In earlier days of "cruising" it was not unusual for venerable liners like the Queen Mary and Queen Elizabeth to sail the oceans for decades. Now - in an time of on board climbing walls and ship-wide wi-fi - passenger liners seem to be outdated the minute their keels hit the water.

The era of "industrial" cruising also means that ship size also increases so rapidly that cruise lines are already planning newer, larger vessels even before vessels already in production are launched.

With that in mind, here is the story of two ships that were around when the Alaska cruise industry started to boom more than three decades ago.

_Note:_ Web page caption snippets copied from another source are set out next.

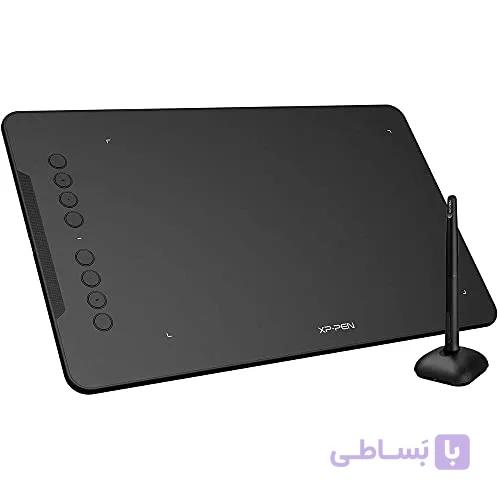 تبلت های گرافیکی XP-PEN Deco01 V2 با قلم بدون باتری از ویندوز، مک و اندروید پشتیبانی می کنند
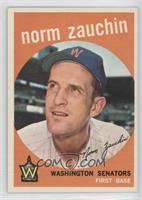 Norm Zauchin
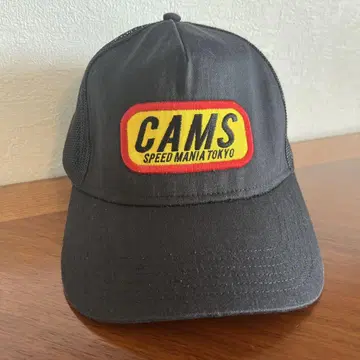 CHALLENGER / CAMS 메쉬 캡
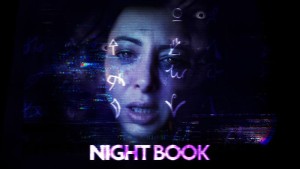 Carátula de Night Book  SWITCH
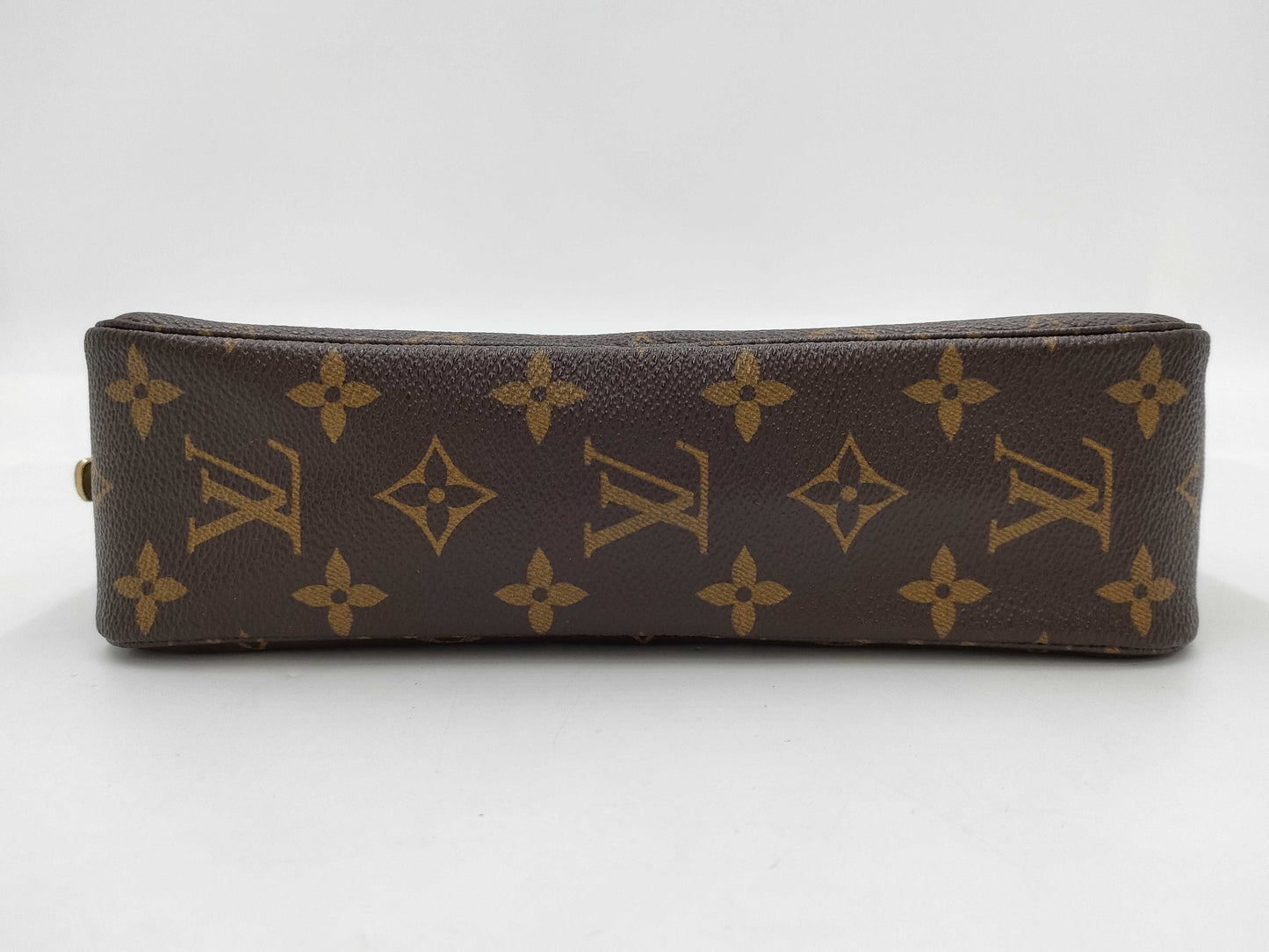 LOUIS VUITTON Monogram True Toilet 23 M47524 Second Bag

Unlike many of their fellow ships, the Rotterdam and the former Polar Star have not been scrapped on the beaches of India or the Mediterranean, but only the Rotterdam - soon to become a floating visitor attraction in its namesake city - has a bright future. The Polar Star sits nearly abandoned in a West Coast harbor.

The Rotterdam in this story is not to be confused with the Rotterdam currently plying Alaskan waters. The current Rotterdam is the sixth vessel of that name to sail for the Holland America Lines and was put into service in 1997 to replace the aging Rotterdam V.

The fifth Rotterdam went into service in 1958. Writing for the Maritime-Matters website, cruise ship expert Peter Knego said that the Rotterdam is "arguably the most magnificent and well-preserved vintage liner in existence."

"Launched by Queen Juliana in a gala ceremony on 13 September 1958, and completed the following summer, the Rotterdam was the last great Dutch 'ship of state', employing the finest artisans from Holland in her construction and fitting out process," Knego wrote.

The nearly 750 foot ship made her maiden voyage from Rotterdam to New York on September 3, 1959 powered by twin turbines that churned out more than 38 thousand horsepower and moved the ship at a cruising speed of 21.5 knots.

Although Holland America Line initially used the ship for its trans-Atlantic passenger crossings, it became clear by the mid 1960s that the jet airplane was going to overtake the passenger ship as the primary mode to long distance transportation. By 1969, the ship had been converted to a full-time cruise ship and the accommodations - originally 665 first class and more than 800 tourist class - were converted to just under 1,300 cruise ship berths.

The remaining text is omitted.